C’est à ce titre que Seul le temps nous appartient, qui boucle un cycle, traverse l’aveuglement de notre temps pétrifié dans ses contradictions, tel que le mouvement de l’histoire puis ses désillusions, mais aussi tel que les philosophies qui leur succèdent nous empêchent aujourd’hui de saisir la profondeur de l’habiter maintenant, ce que certaines traditions philosophiques plus anciennes peuvent en revanche nous aider à réaliser, pour mieux encore nous tracer un avenir.
Ce livre prend en effet sa source dans le stoïcisme, qui est une pensée de l’oikeiosis, de la façon que nous avons de nous approprier le monde, de nous le rendre familier, de le ménager et de l’habiter. Et Caye remarque à juste titre que Bergson avait saisi ce paradoxe du temps à travers sa conversion en espace : car le temps, pour être appropriable, doit être saisi et vécu dans ce qui ne peut être seulement objectivé par la technique, la mesure, le calcul et sa traduction dans l’environnement, mais vécu sur le mode d’une médiation entre le mode subjectif et la réalité extérieure.

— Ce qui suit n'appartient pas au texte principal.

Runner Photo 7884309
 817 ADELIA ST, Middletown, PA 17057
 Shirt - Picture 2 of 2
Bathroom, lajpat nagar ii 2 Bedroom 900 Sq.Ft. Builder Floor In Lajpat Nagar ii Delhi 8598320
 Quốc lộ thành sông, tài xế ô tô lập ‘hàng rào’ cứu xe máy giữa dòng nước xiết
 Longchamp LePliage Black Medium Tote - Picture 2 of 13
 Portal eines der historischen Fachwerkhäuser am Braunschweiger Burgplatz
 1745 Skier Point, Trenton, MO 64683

L’investissement contemporain dans les technologies numériques procède de cette spatialisation du temps et participe d’une confiscation de la durée. En un sens, notre temps retrouve, avec ce sombre renversement, ce qui, dans le temps, contient l’énergie de la ruine et de la destruction qui attendent ceux qui pensent qu’il peut être objectivé, dominé et contrôlé par la puissance humaine. Avec l’oikeiosis, c’est toute la question de l’habitat humain qui surgit : l’architecture est un art de la limite, de la clôture, pour former, comme le rappelle Caye, une arche et dessiner notre enveloppe protectrice, en sorte de ménager les conditions d’une existence digne. L’un des enjeux contemporains de la ville tient justement à cet art de la réappropriation paradoxale du temps, et non plus seulement de l’espace, car la bataille de l’architecture comme art de la limite a été perdue à l’heure de la mégapole, qui consacre la victoire de l’illimité et qui se traduit par une extension de l’ancienne cité au-delà de toute mesure. Il est notable que l’épicentre de la puissance des technologies numériques, la Silicon Valley, soit un territoire parmi les plus inhospitaliers qui soient. C’est là un exemple de cette nécessité de poser la question de l’habitation de la Terre, en termes non plus d’occupation de l’espace, mais de temporalisation. C’est à cette urgence que le livre de Pierre Caye nous invite à répondre par sa radicale, patiente et profonde méditation du temps comme médiation.